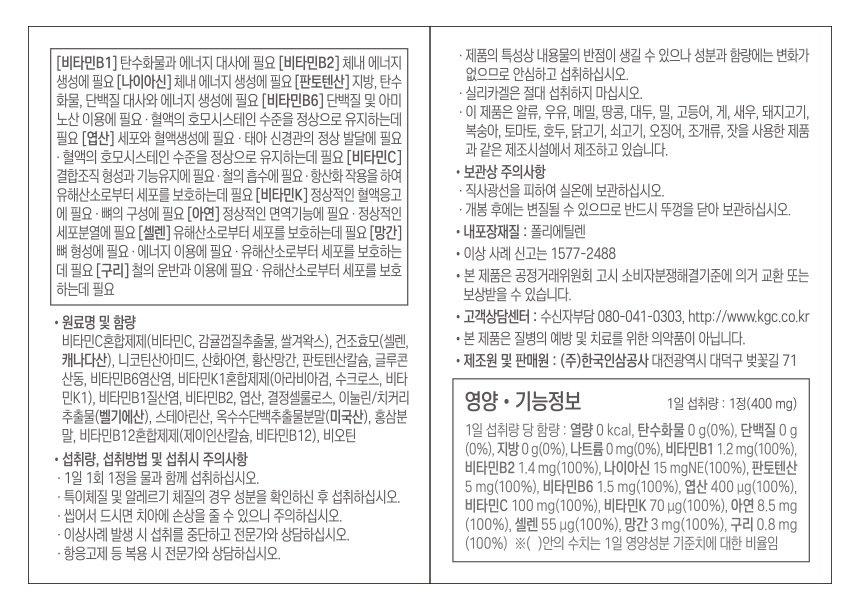 상품 이미지1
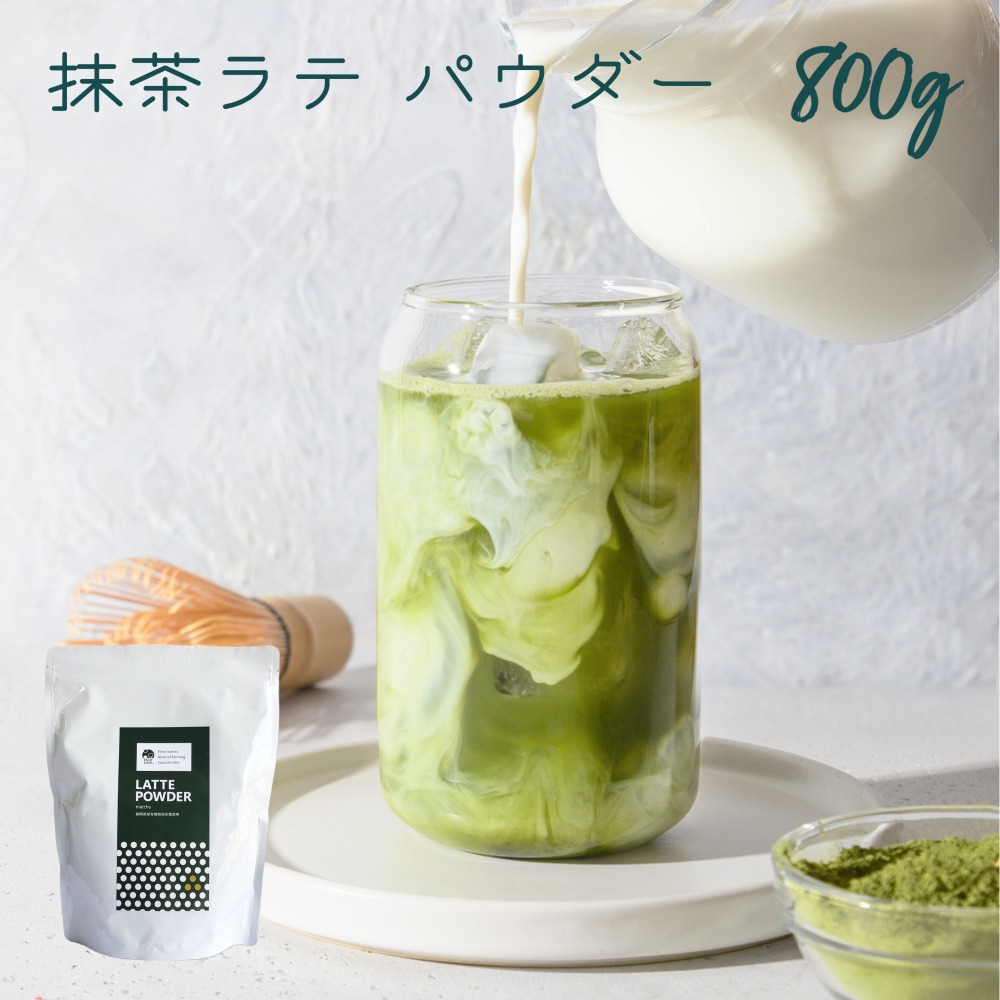 抹茶ラテ ほうじ茶ラテ 和紅茶ラテ 緑茶ラテ ラテパウダー/ 800g / EECO Café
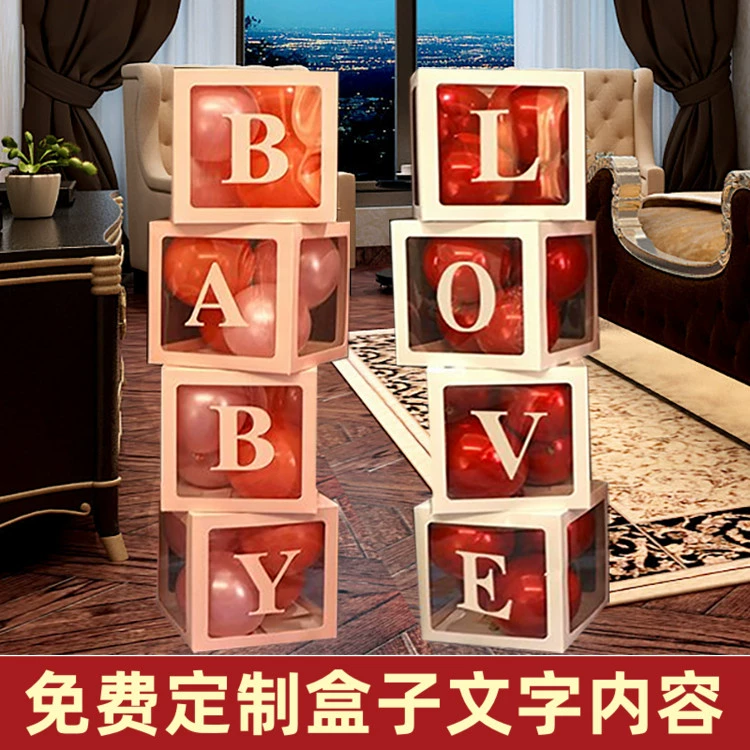 盒子拼搭造型_盒子搭配_好搭盒子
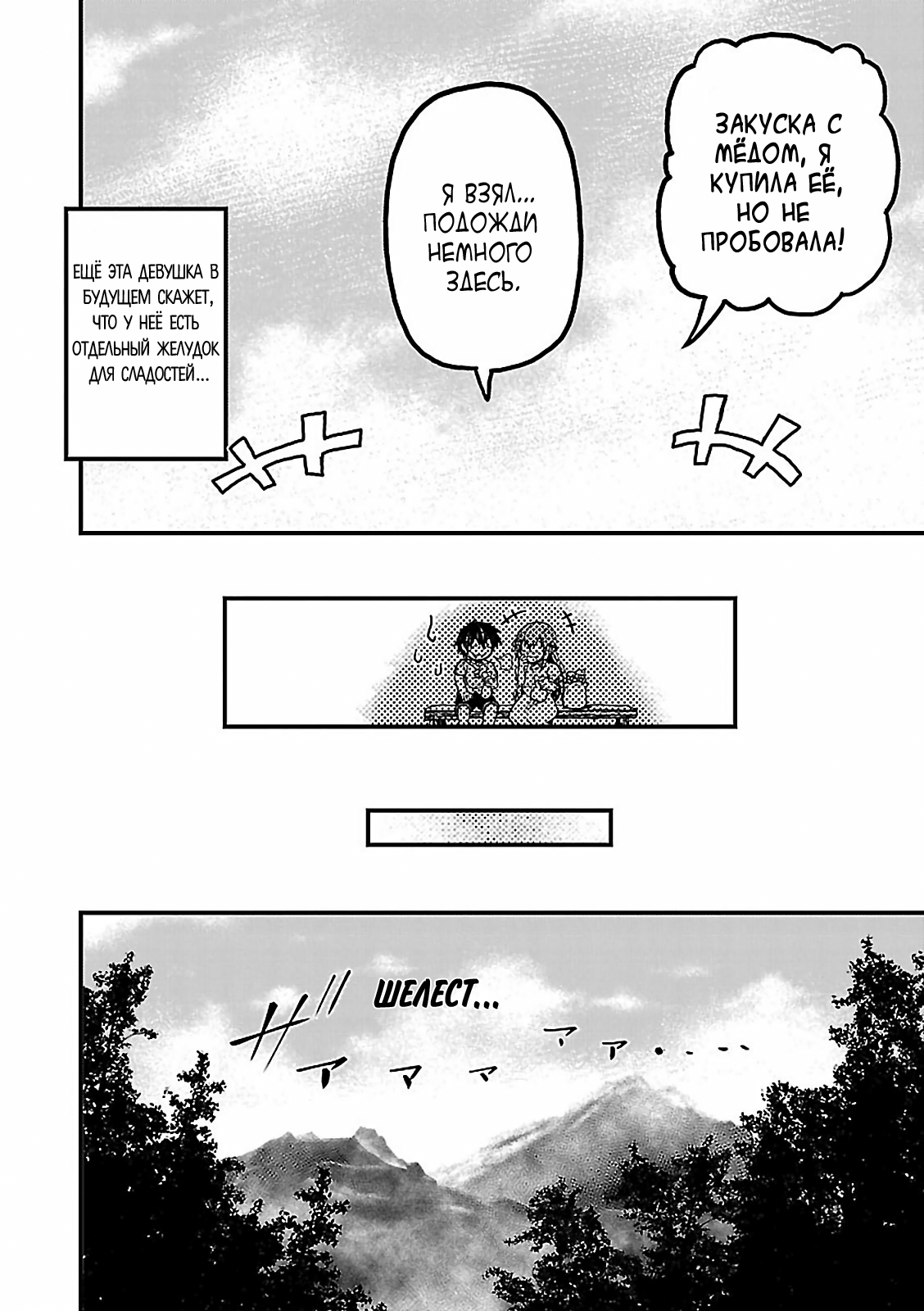 Murabito desu ga Nani ka? Цветочное украшение для волос 第30页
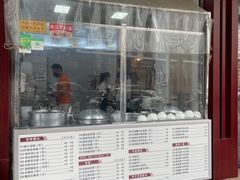 门面-翁林甜品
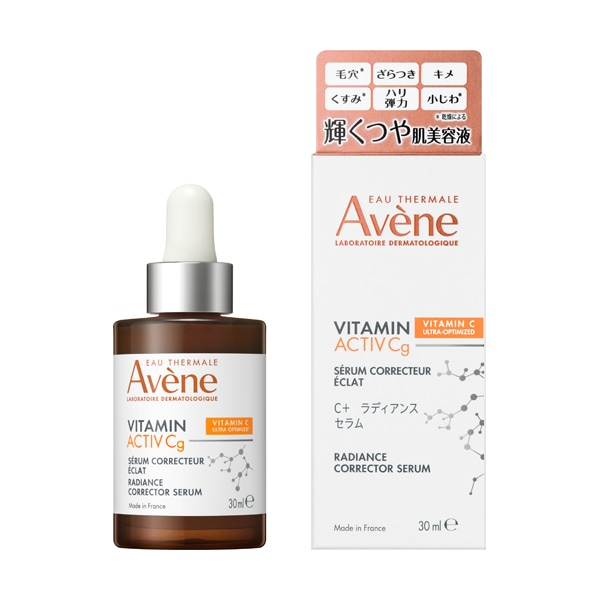 資生堂　アベンヌ　C+　ラディアンス　セラム　【30mL】(資生堂)　「(×)店舗取置不可」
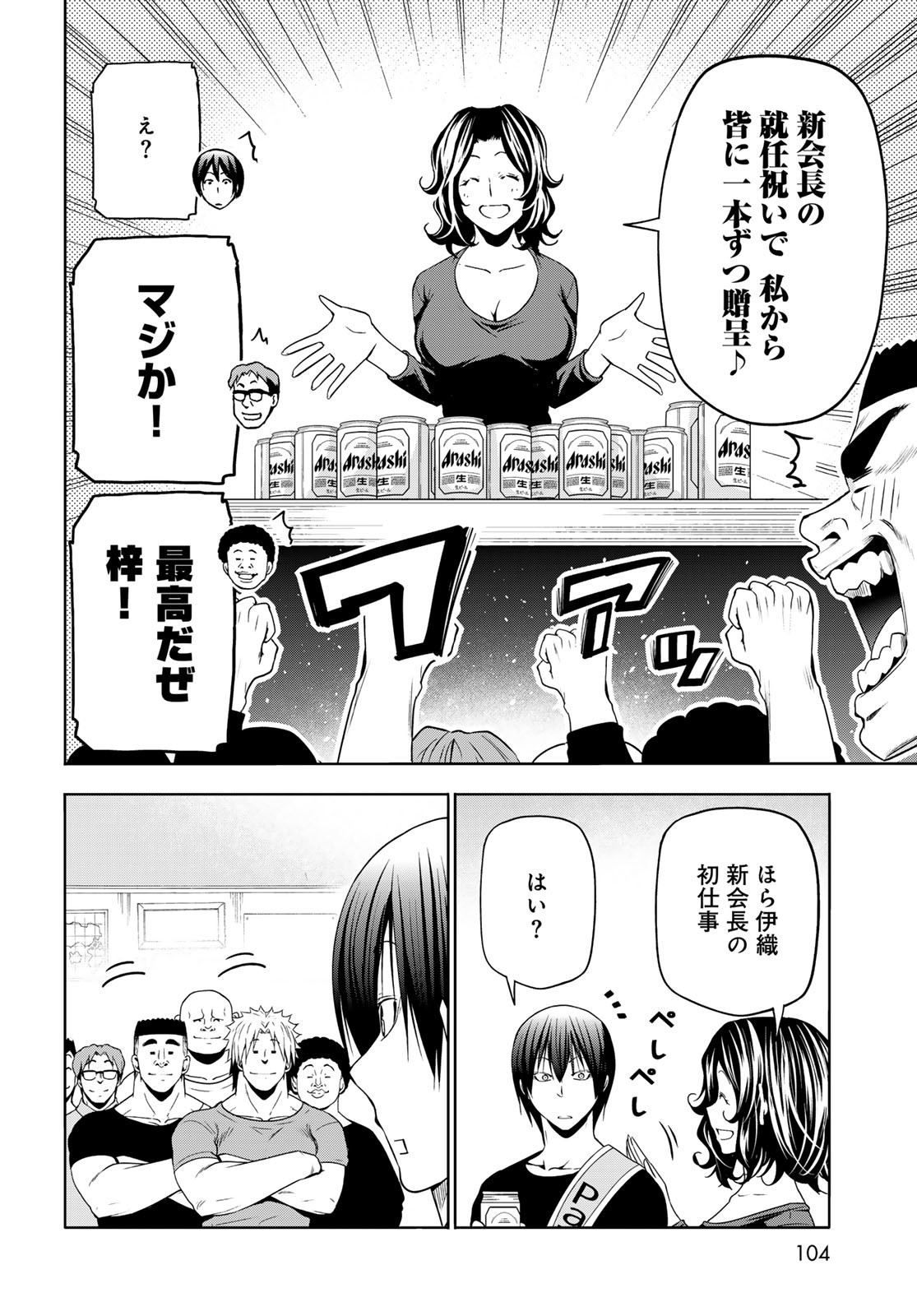 Page 50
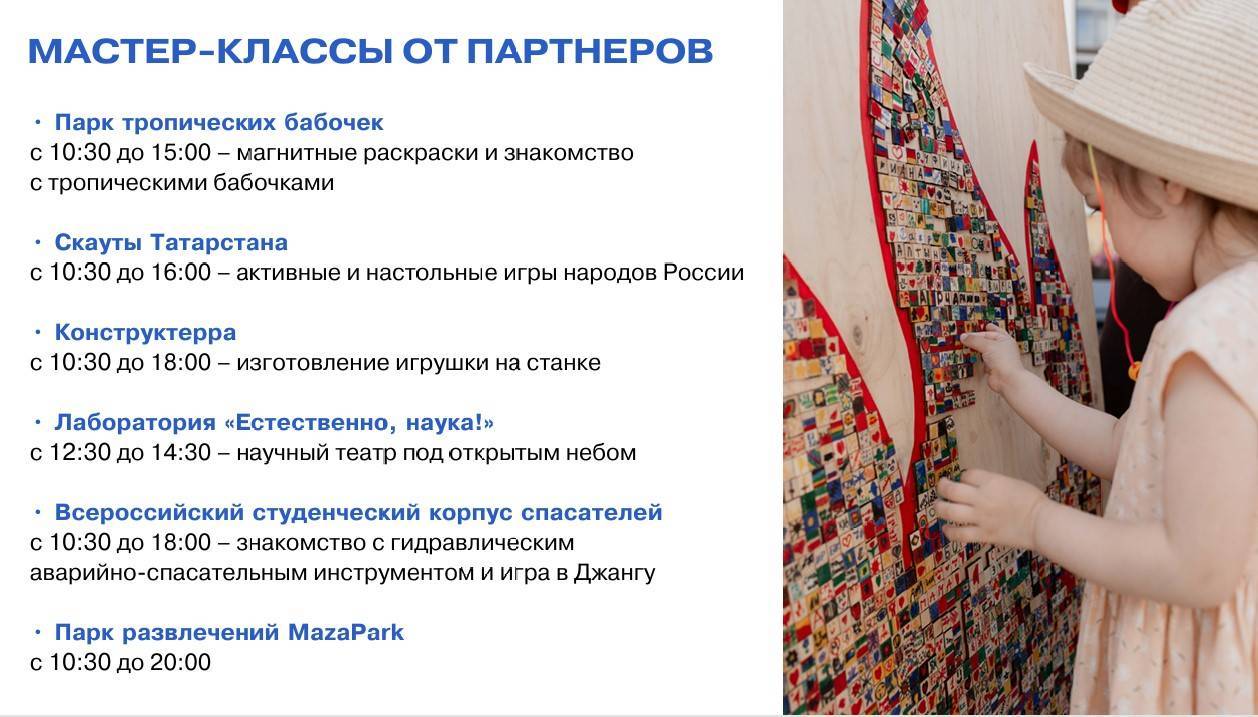 1 июня в Казанском Кремле пройдет детский фестиваль – программа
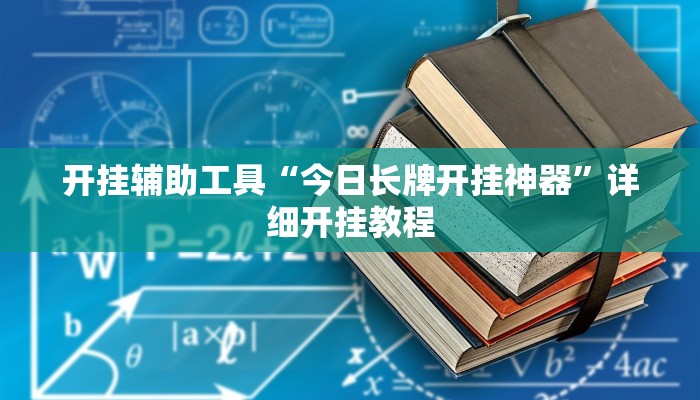 开挂辅助工具“今日长牌开挂神器”详细开挂教程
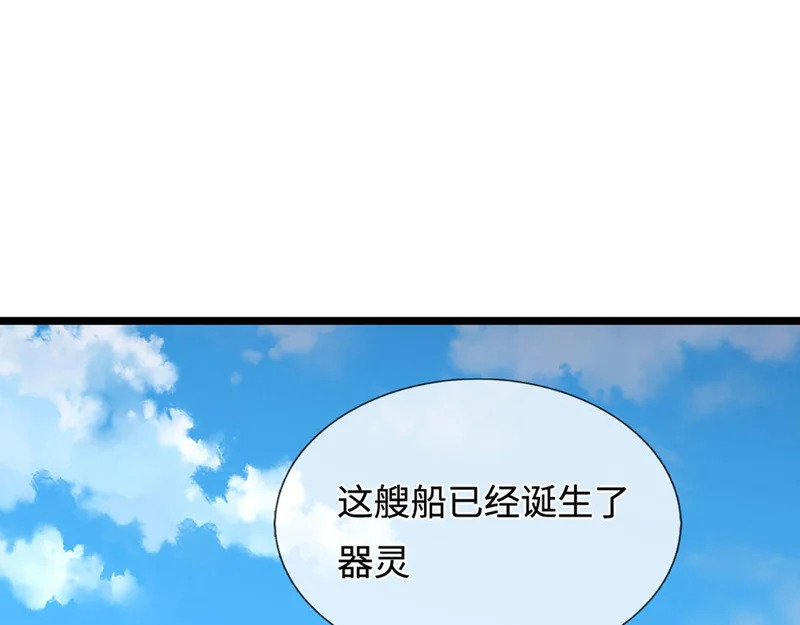 第397话 降下天雷，未知领域 第117页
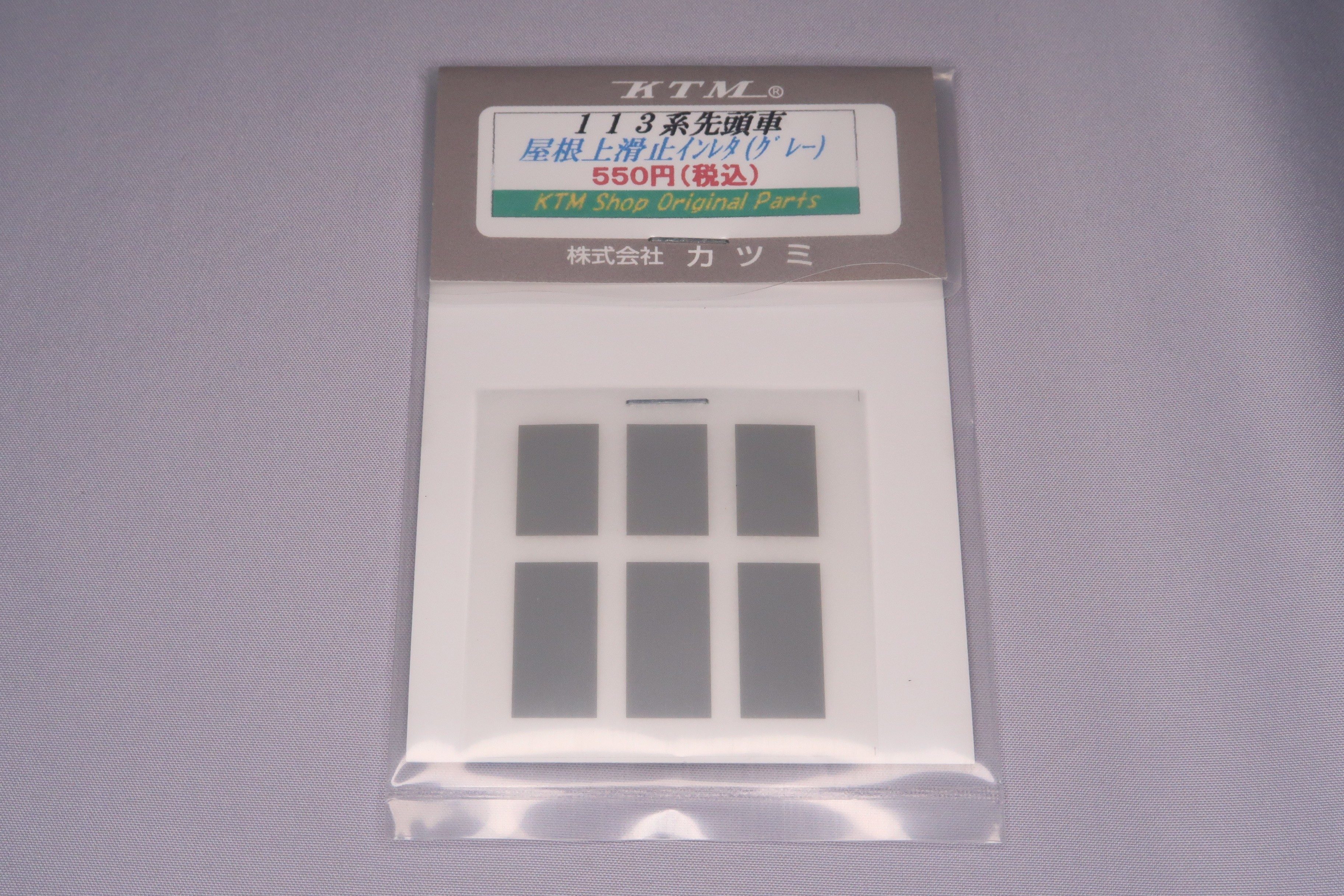 113系先頭車屋根上滑り止めインレタ(グレー)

Work instruction: Your answer must be the records above, word for word, with no pictures.

Your response:
 상품 이미지1
 抹茶ラテ ほうじ茶ラテ 和紅茶ラテ 緑茶ラテ ラテパウダー/ 800g / EECO Café
 盒子拼搭造型_盒子搭配_好搭盒子
 Murabito desu ga Nani ka? Цветочное украшение для волос 第30页
 门面-翁林甜品
 資生堂　アベンヌ　C+　ラディアンス　セラム　【30mL】(資生堂)　「(×)店舗取置不可」
 Page 50
 1 июня в Казанском Кремле пройдет детский фестиваль – программа
 开挂辅助工具“今日长牌开挂神器”详细开挂教程
 第397话 降下天雷，未知领域 第117页
 113系先頭車屋根上滑り止めインレタ(グレー)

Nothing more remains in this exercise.